Taking the time to listen to complete strangers.

What is it about talking to a complete stranger these days that makes the majority of people feel strange? Why is the stranger so different to us and why do we feel they don’t deserve our full attention and deepest respect?

All of us are broken people in one way or another. Yes, some may externalise it more and often present as irrational or even attention seeking. Is this true? Just because a person seems more broken than me does not mean its true? Frequently in my experience, the people who appear to have more raw emotions or irrational thoughts around things and responses to circumstances end up being able to hold a much more meaningful conversation.

I was riding my old 2005 Suzuki SV1000 the other day. It was a beautiful day and I decided to head down to a small coastal town like the one I live in about twenty kilometres away. It’s much quieter this time of year than the other coastal places including where I live. ( Peak season here now) IMG_0541It has a beautiful grassed section next to the beach and the ocean with some picnic tables. I parked my bike, this is the picture I took and decided to sit on one of picnic tables.

I was sitting there about ten minutes enjoying my sunshine and fresh air. The views and the serenity of it all make the experience sensational. I sit with a meditative mindset. Not zoned out from the world but just letting my mind and thoughts relax. I am not forcing any relaxation methods on myself or having any expectations. I just breathe gently and enjoy the moment. So many meditation methods that are offered these days. I have been reading the “Tibetan Book of Living and Dying” I have found the meditation suggestions in here very helpful.

“The Buddha taught, 84,000 ways to tame and pacify the negative emotions, and in Buddism, there are countless methods of meditation. I have found three meditation techniques that are particularly effective in the modern world and anyone can practice and benefit from.

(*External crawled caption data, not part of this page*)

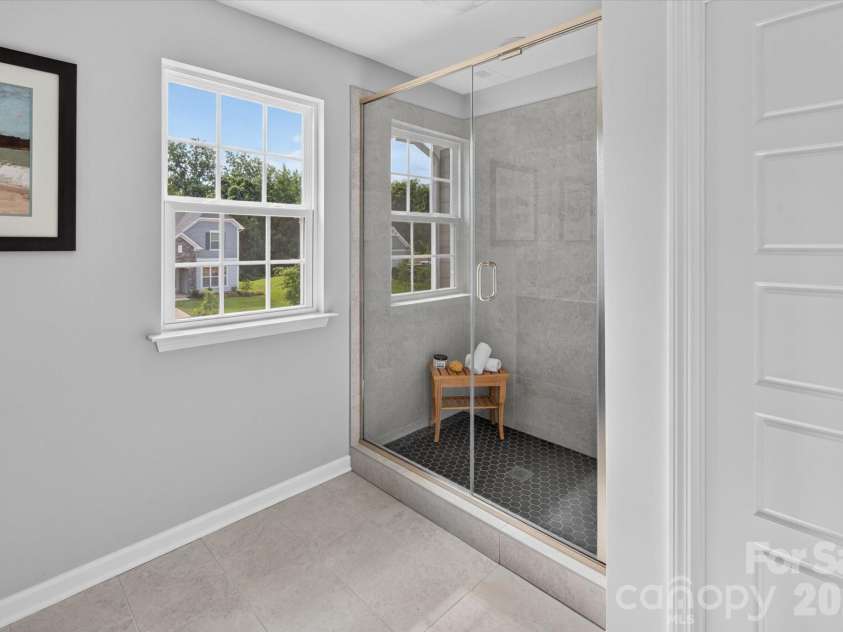 2262 Trundle Drive, Gastonia, NC 28054.  MLS# CAR4351655, YatesRealty ID 20380. Premier Bath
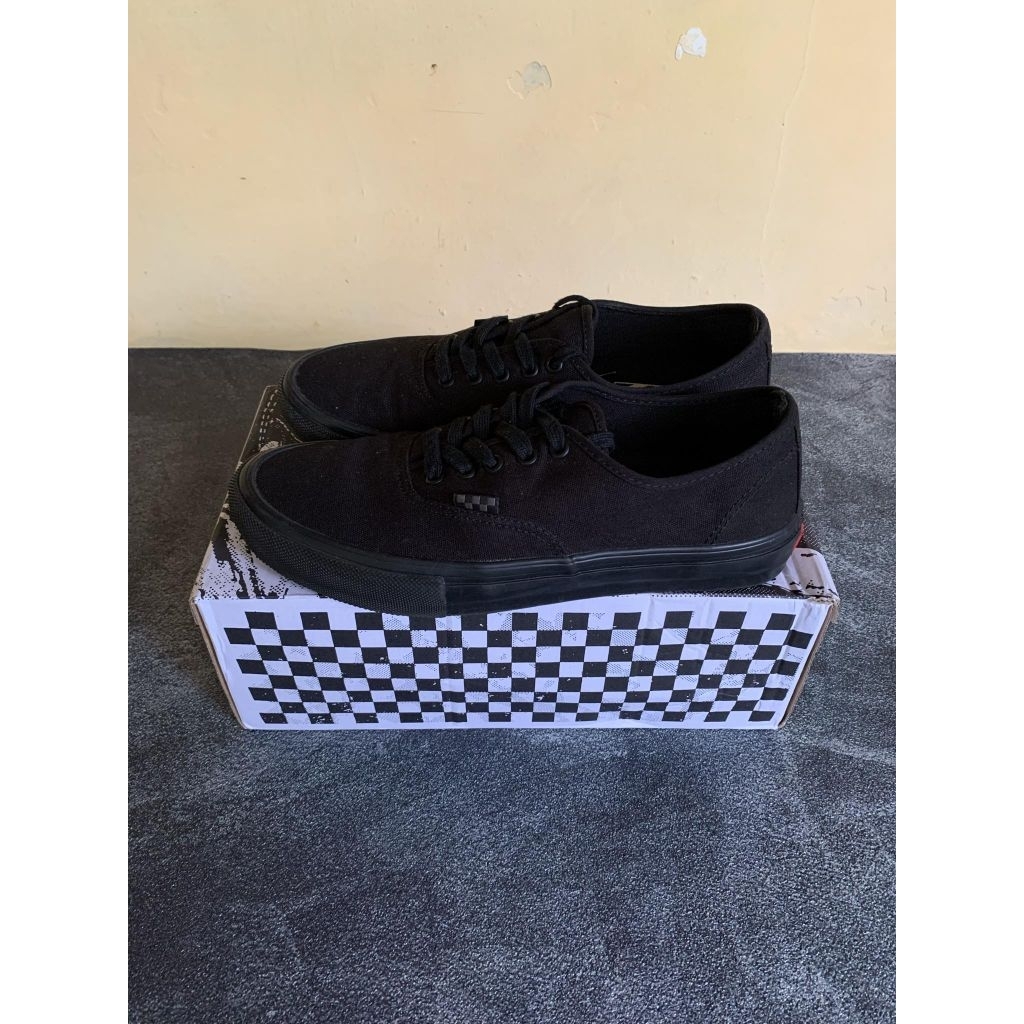 Vans authentic full black pro skate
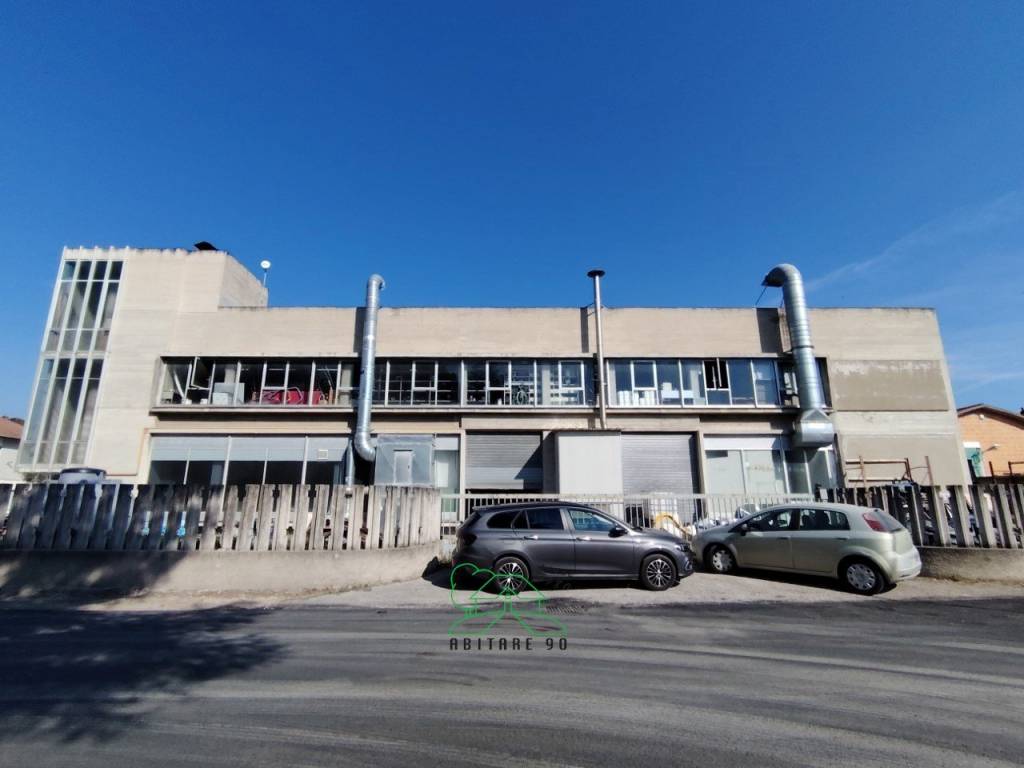ufficio in vendita a Fano in zona Rosciano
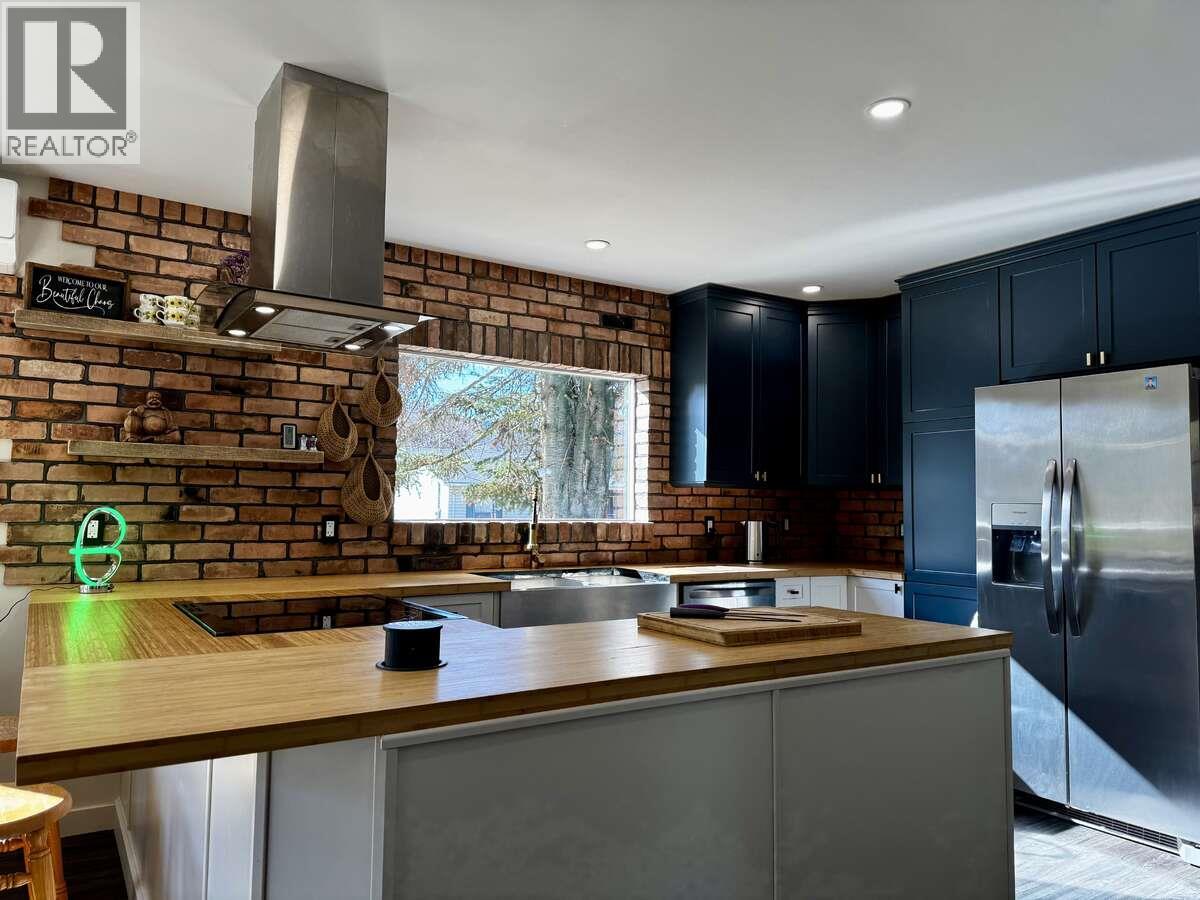 987 Kettle River Drive, Grand Forks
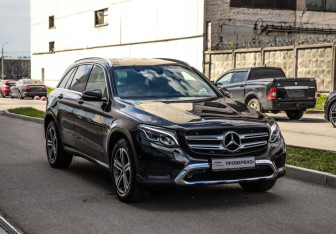 Подержанный автомобиль Mercedes-Benz GLC Coupe 2018 года (6 фото)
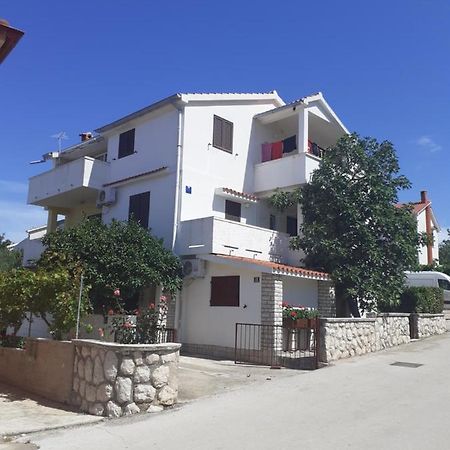Apartmani Karuza ノヴァリャ エクステリア 写真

They are using an object, reciting a mantra, and “watching” the breath.” p. 69

So a car pulls up near my motorbike and an elderly lady gets out and said, ” Would it bother you if my friend and I join you at the picnic table”? I said, “no problems at all.” In my mind, I was imagining, “I guess I won’t be sitting here long” now because my peaceful meditative mindset has been disrupted. The two elderly ladies proceed to unload the car with all their picnic supplies including a nice tablecloth.

They were eating and drinking and just enjoying the moment when one of them started to talk to me. One was older than the other and both noticeably were very close friends and it was evident they knew each other like sisters. Consequently, as the conversation deepened I realised they had known each other for years with no biological connections or marital associations.

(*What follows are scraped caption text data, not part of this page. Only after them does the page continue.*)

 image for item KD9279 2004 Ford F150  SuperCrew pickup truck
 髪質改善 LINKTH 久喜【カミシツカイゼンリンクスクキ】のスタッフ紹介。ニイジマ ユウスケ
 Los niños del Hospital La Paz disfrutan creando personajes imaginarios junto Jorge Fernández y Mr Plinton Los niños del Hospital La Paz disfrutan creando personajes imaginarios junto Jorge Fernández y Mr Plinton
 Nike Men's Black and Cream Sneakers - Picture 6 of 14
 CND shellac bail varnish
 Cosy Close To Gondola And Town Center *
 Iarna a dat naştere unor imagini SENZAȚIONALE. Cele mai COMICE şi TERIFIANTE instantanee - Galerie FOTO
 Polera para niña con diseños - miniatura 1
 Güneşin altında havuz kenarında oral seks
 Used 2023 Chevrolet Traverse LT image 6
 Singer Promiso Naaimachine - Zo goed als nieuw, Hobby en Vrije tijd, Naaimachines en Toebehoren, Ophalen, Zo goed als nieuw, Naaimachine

These women jumped quickly into some spiritual inquiries about me and my life to date. One said, ” you are on a spiritual journey. “In my mind, “aren’t we all” however, I knew she was referring to my unusual life and journey in her experiences and perception of life and people. The older of the two discussed her deceased husband who was a medium and both met on a Yoga retreat. She was seventy-six and practice Yoga her whole life and had survived three husbands and left one. She also had children and was on holidays from the UK. The other after sharing her Irish heritage and involvements and thoughts around the Catholic church as a child and her dissatisfaction with all religious institutions. Disclosed an expressed very deep emotions surrounding her son who took his own life a couple years ago.

The ladys were lovely and great conversationist. I could write a whole blog just on the depth and engagement they offered me. I shared and disclose some deeply personal experiences and thoughts about my experience in religious institution and God. I also shared my current experience in my spiritual practices. I felt very comfortable around these women and they also expressed the joy they got from talking with me. I was going to leave at one point because I thought I may have been interrupting the time together. However, the older of the two said, ” where have you got to go to”? I said,”nowhere really.” So we all laughed and the conversation continued for about three hours.

The lady from the UK wanted my phone number and I offered my email which she confessed was of not much use. However, she asked if I would mind if she rang me some time to see what the next chapters in my life would be. I joked about stalking me, she laughed and said, “I am very interested in how your life unfolds.” Both ladies have travelled the world and experience loss and grief like all of us. However, they have a lovely relationship and I felt very privileged to be invited to their picnic and share some life stories.

This highlights the importance of being in the present moment and having a level of flexibility that involves others at times changing your expectations and ideas on how a day might unfold. I was not expecting such a life-giving conversations with two complete strangers. I was planning to just “be” Consequently, on reflection of the day I am so thankful for life’s experiences and the blessing each day can offer. The ladies were a blessing and provided a experience that was memorable and beautiful.

“Once you realize that the road is the goal and that you are always on the road, not to reach a goal, but to enjoy its beauty and its wisdom, life ceases to be a task and becomes natural and simple, in itself an ecstasy.”